ABOUT THIS EXERCISE
Print, exactly and with no pictures, the line containing "a living room" and each line after it to the end of the entries below.

(Stored dataset items)
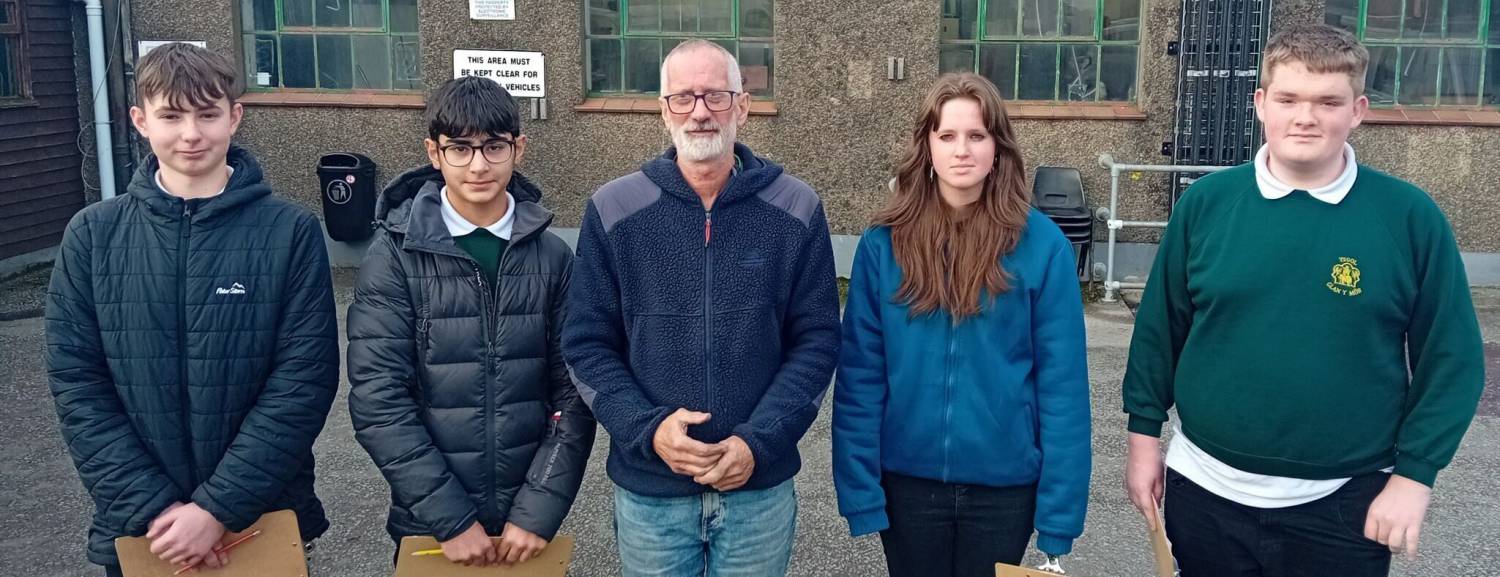 High-school students with export manager Chris Rowlands at the DMM factory in Llanberis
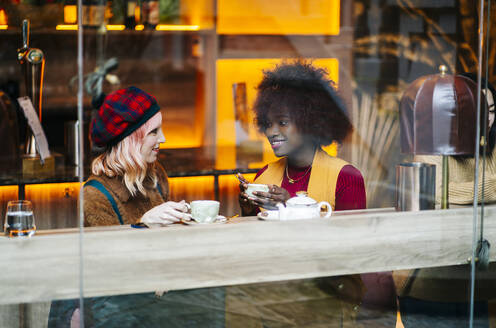 Zwei Freundinnen treffen sich in einem Café und trinken Tee - DGOF00691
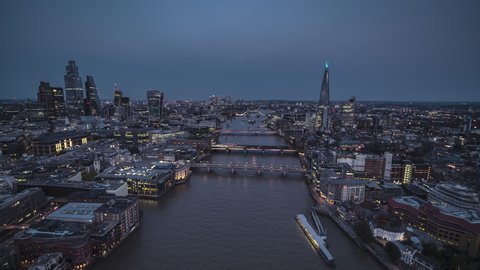 Establishing Aerial View Shot of London UK, London Skyline, City of London & Riverside; Millennium Bridge, Southwark Bridge, London Bridge & Tower Bridge, United Kingdom, night evening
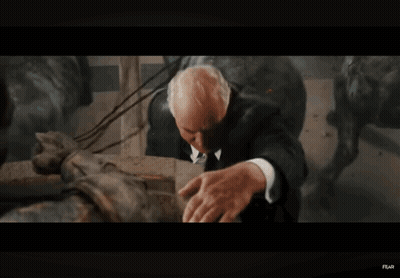 Soldier Holding Another Man In Dark Room GIF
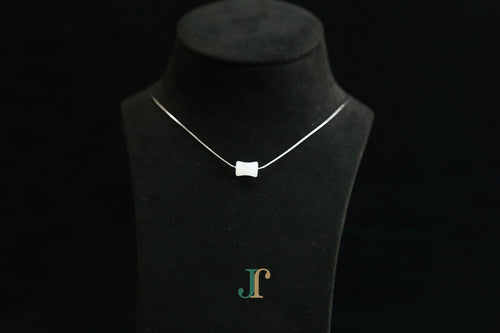 PILLAR Pure 6×12 · Suet White — nephrite jade cylinder necklace, on a display bust
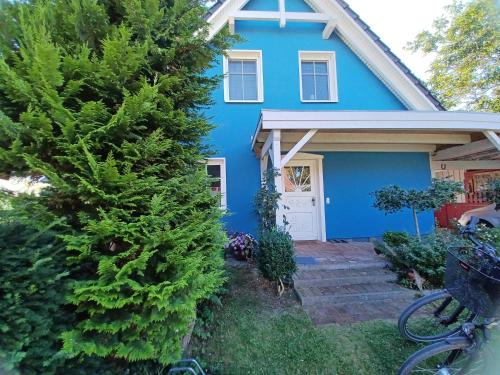 een blauw huis met een fiets voor het huis bij Davids Ferienwohnung in Wustrow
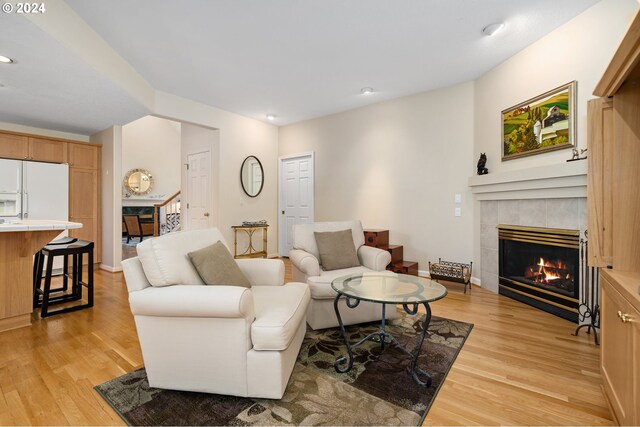 living room featuring a tiled fireplace and light hardwood / wood-style floors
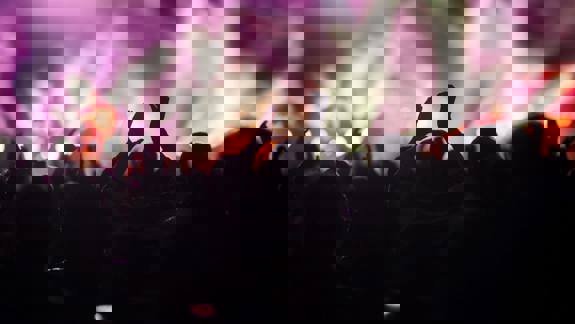 A cheering concert audience with hands raised, silhouetted against purple and white stage lights.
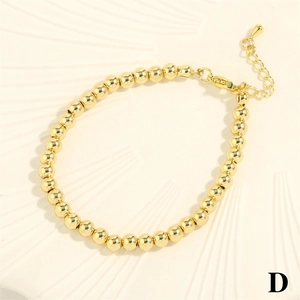 Detail of gold beaded bracelet featuring a secure lobster clasp and adjustable extension chain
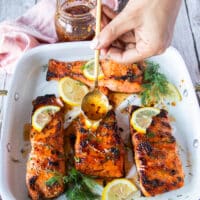 A hand pouring in some hot honey over the salmon right out of the oven garnished with lemon and dill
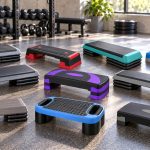 Ten selected aerobic step platforms and their matching risers arranged on a gym floor with brand details visible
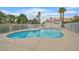 An in ground residential pool and hot tub with white fencing, palm trees, and changing rooms at 1900 N Torrey Pines Dr # 112, Las Vegas, NV 89108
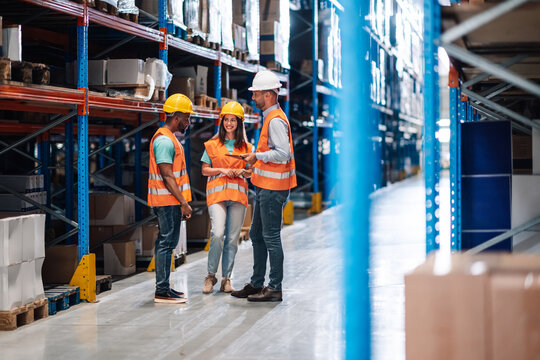 Warehouse workers and manager discussing logistics using digital tablet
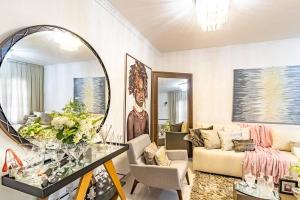 a living room with a couch and a mirror at CASA CONFORTÁVEL, 5 SUITES e 1 QUARTO in Belém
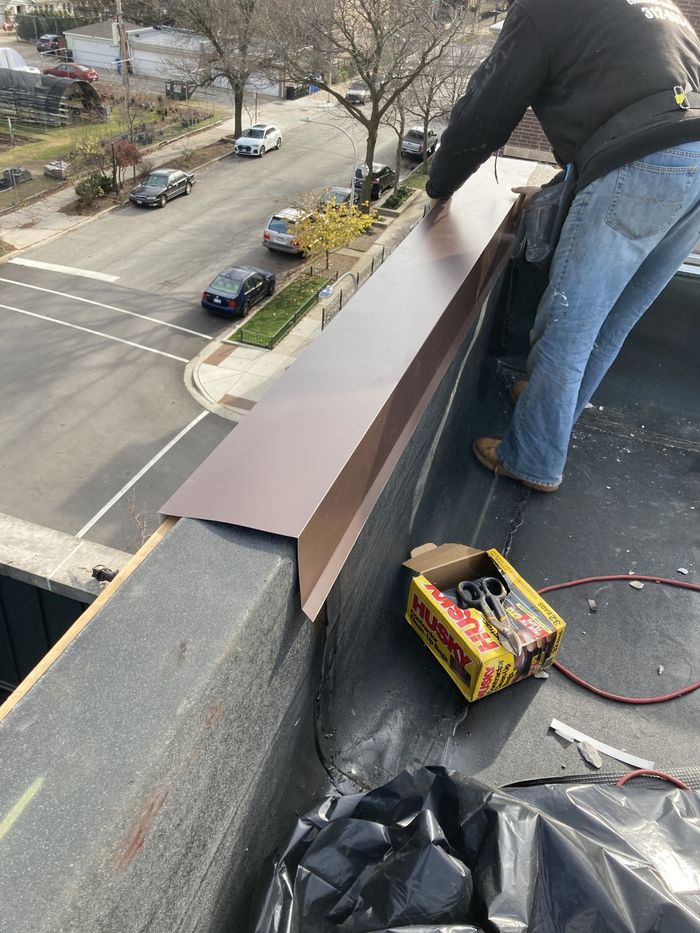 Roofer installing brown metal flashing on a flat roof edge. Tools and street view are visible.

YOUR SOLUTION
 a living room with a couch and a mirror at CASA CONFORTÁVEL, 5 SUITES e 1 QUARTO in Belém
 Roofer installing brown metal flashing on a flat roof edge. Tools and street view are visible.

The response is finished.